> **Exercise instructions**
For this exercise, an exact copy is needed of only the lines from the one containing "A player looking" through the end of the data, with pictures left out.

> **Data shown**

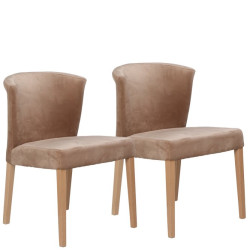 Zestaw krzeseł (2 szt) Hideki II ciepły brąz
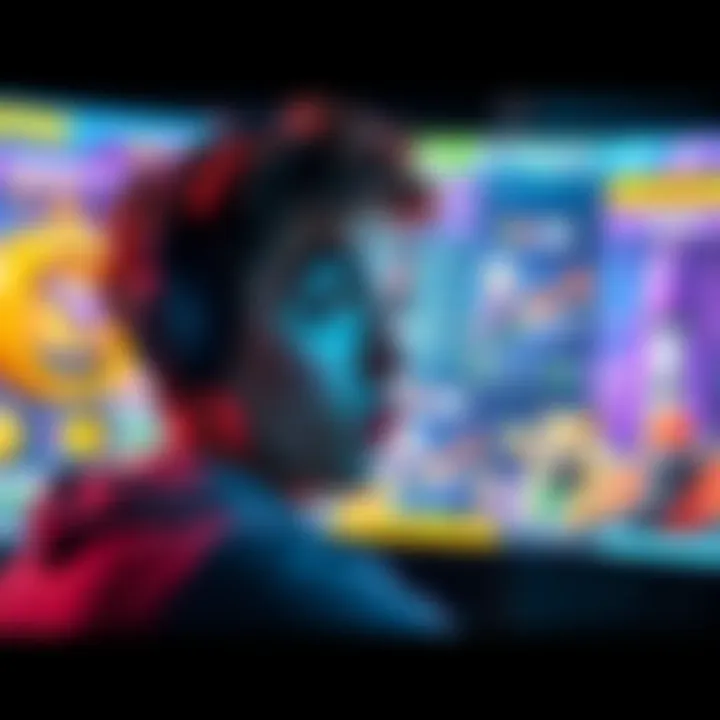 A player looking surprised at their gaming screen, showing lost mayorships and in-game currency, with a backdrop of vibrant game graphics.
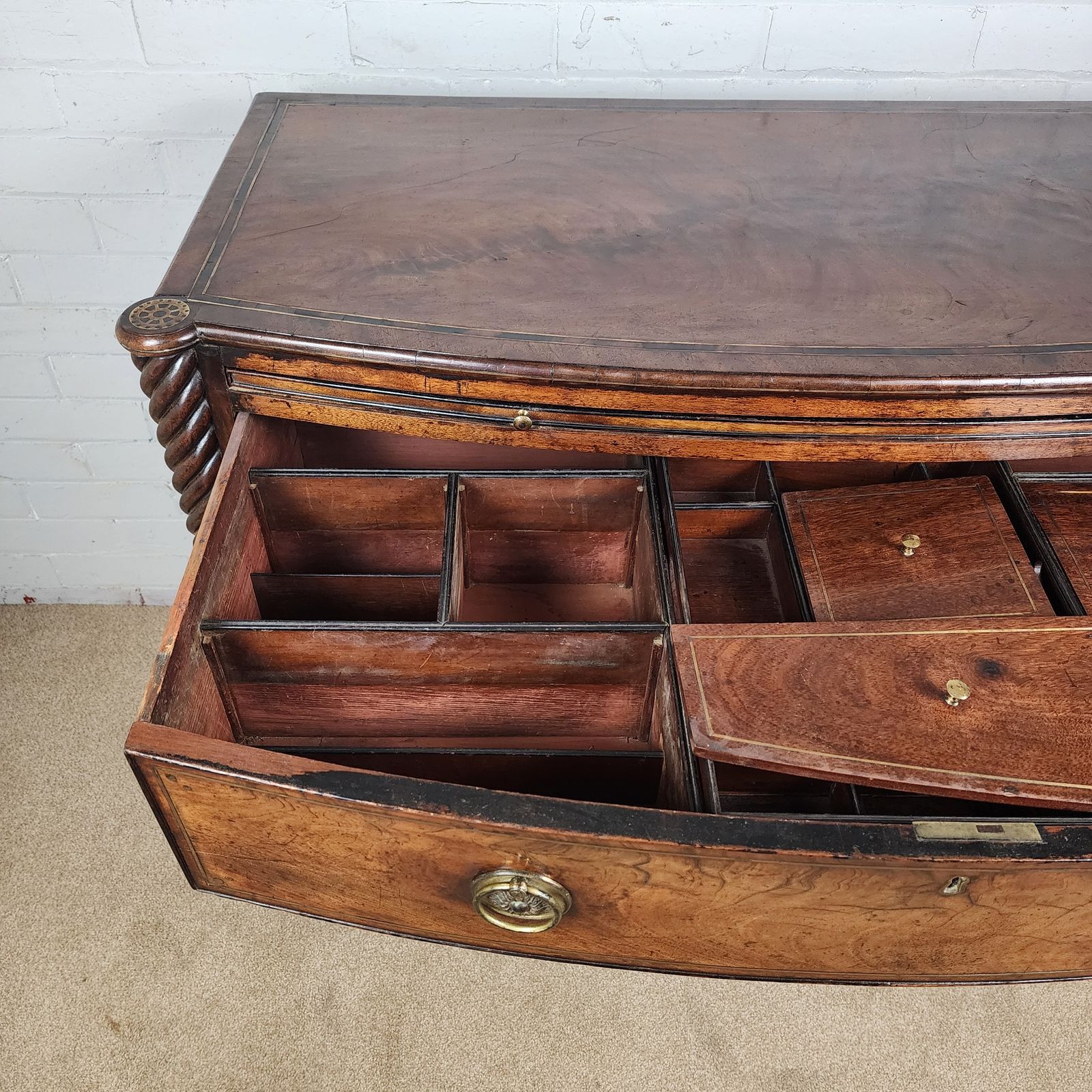 2000.0 Antique Early 19th C. Dressing Chest Of Drawers Regency Period (Circa 1811 1820) photo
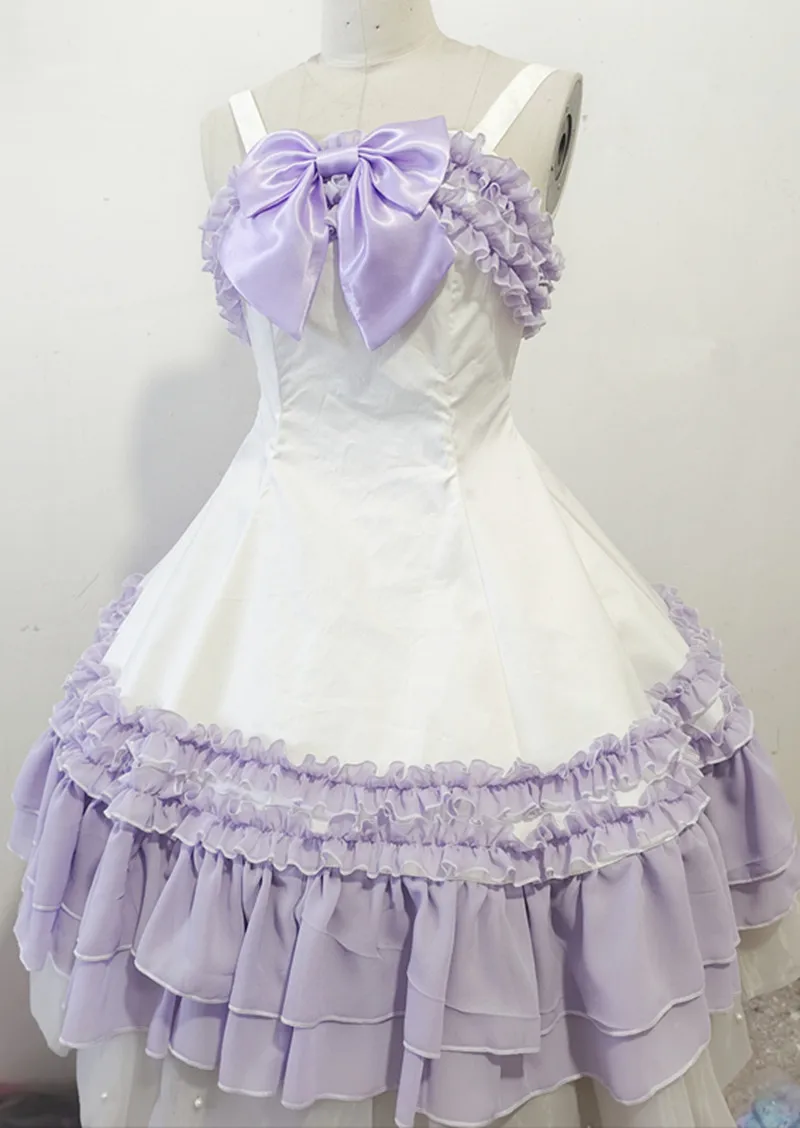 

- Sweet Lolita JSK Dress, Back Shirring, Side Zipper by Sweet Angel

> **Answer for the task**
 A player looking surprised at their gaming screen, showing lost mayorships and in-game currency, with a backdrop of vibrant game graphics.
 2000.0 Antique Early 19th C. Dressing Chest Of Drawers Regency Period (Circa 1811 1820) photo

- Sweet Lolita JSK Dress, Back Shirring, Side Zipper by Sweet Angel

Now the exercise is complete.